Confused Or Competent Online Presenting?
The tech factor in online presenting is a juggernaut which sweeps all in its path. I was finishing up a three hour online Successful Public Speaking class, when one of the participants asked me what I thought was the most difficult aspect of presenting online. Many issues flooded my mind, but by far the most elusive of a fix, would have to be the technology. The screen with your face in it, is a tiny, little, even microscopic image, the audio is dodgy, the punters can’t get into their breakout rooms, the pre-prepared polls evaporate before your eyes. The tech God leads us astray from the fundamentals of a good presentation.
We should have divined our clear purpose with this talk. Are we here to inform people of insights, information, data, or knowledge? Are we doing this to persuade them and bring theminto the fold of our way of thinking? Are we here to inspire them to storm the barricades, to take up their cudgels and right wrongs, to become the complete person they can be? Or are we here to motivate them by using our communication skills, to have them determine they want to do something we think makes a lot of sense, and which they now desire. Depending on our purpose, the design, content and delivery will be wildly different.
We need to know our stuff. That means we bring a lot of intellect and experience firepower to the fore. We don’t have unlimited time to present and presenting online is supremely tiring for both parties, both presenter and audience. We need to strike a rich vein, unearth the motherlode and then be scrupulous about the gems we bring forth. One hour of online presentation deserves a short break for everyone.
Sharing video of your own nasal passage with everyone, by locating your laptop on your desk, is a bad look and seriously sad first impression. Yet so many people do this. Amazing. Get the camera up to eye height and then spend as much of the time as you can, looking at the camera, rather than the screen.
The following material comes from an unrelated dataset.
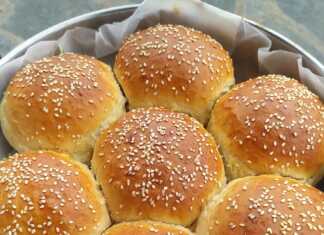 Ένα ολόκληρο, χρυσαφένιο, στρογγυλό ψωμί σε σχήμα μαργαρίτας, πασπαλισμένο με σουσάμι, πάνω σε ξύλινη επιφάνεια.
Online can become very one way and boring. We need to engage our audience. Most of the platforms have polling. This is always useful as way to inject humour or create deeper self awareness. Instead of disappearing off to secretive breakouts all the time, we can also use the whole room together, as a way to share ideas and insights. I am not keen on the chat box because if you have a lot of people, it starts to become a Las Vegas slot machine, with the screen information rapidly spiralling upwards out of control.
The machine adds each new chat at the bottom of the column, pushing the previous comments higher and higher, until you cannot physically keep up anymore. We had 150 people doing a Stress Management class online, broke WebEx and temporarily lost all audio and had to retreat to the chat. What a nightmare that proved to be, at that volume of punters adding their two bits worth.
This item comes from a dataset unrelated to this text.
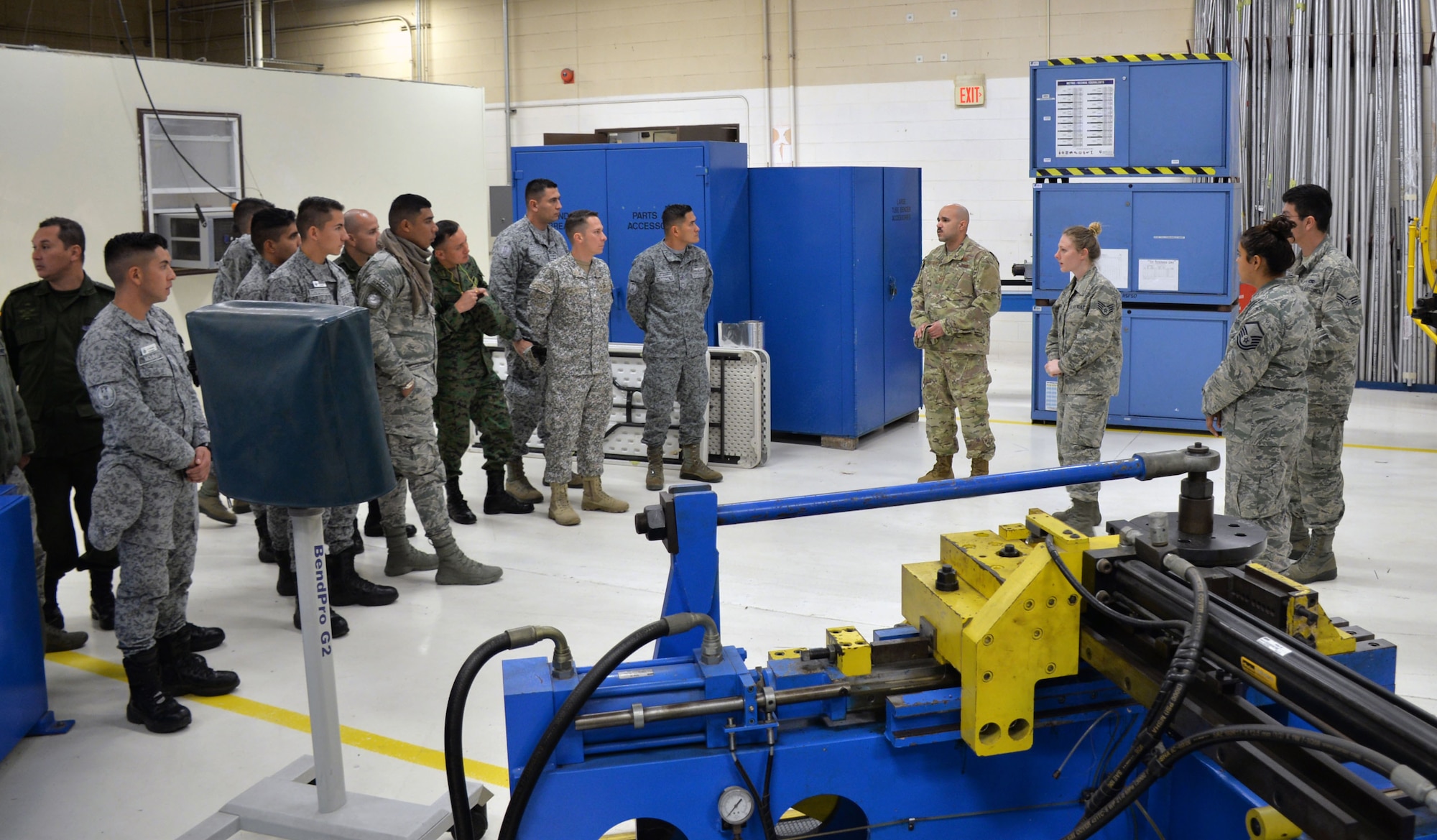 Staff Sgt. Sarah Anderson, 433rd Maintenance Squadron aircraft structural mechanic (third from right), explains to Inter-American Air Forces Academy students how personnel in the metals shop create replacement aircraft parts March 18, 2019 at Joint Base San Antonio-Lackland, Texas.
Whiteboards are okay if you have a limited number of people and have time. You have to make sure the font size works too, because often the default is microscopic and you can hardly read it. We can share files which is truly dangerous. Before you know it, you the presenter, are now a slave to the slide deck. The screen is taken up by your visuals and you get a 5% share of the screen real estate, dangling in some corner, with your tiny little head rammed into a tiny box. Definitely keep your slides spartan, pare back as much content as you can and go for images which require you to explain what it means in this context, so that you can wrench back some modicum of control.
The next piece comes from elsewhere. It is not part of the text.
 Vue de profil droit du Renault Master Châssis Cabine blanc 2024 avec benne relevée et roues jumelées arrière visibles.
Video is the refuge of scoundrels in presenting. This applies in the online presenting world just as much as it does in the live meeting venue. Video is what the President often goes to for dross, pap and filler from the marketing department or even worse from the Goebbelian Investor Relations pond scum, propaganda merchants. It is extremely rare in my experience that the video ever significantly matches the content of the presentation or adds any value.
Presenters are invariably gun shy about rehearsing their presentations, preferring to grapple with the finer points of slide deck construction. In the online world, this is a formula for tech humiliation. Practice with the tech, until you have mastered it and then practice a bit more for when the tech betrays you, stabbing you in the back, just when you were depending on it to come through for you. You don’t need Plan B. You need Plans B, C and D with today’s treacherous tech.
When the audio crashed out on WebEx, in that infamous 150 person all singing, all dancing extravaganza, our producer quickly phoned in to re-establish audio and did a tremendous job tap dancing, until the trainer could log back in and pick up the pace again. You don’t want to be trying to work this stuff out on the fly. Practice, practice, practice.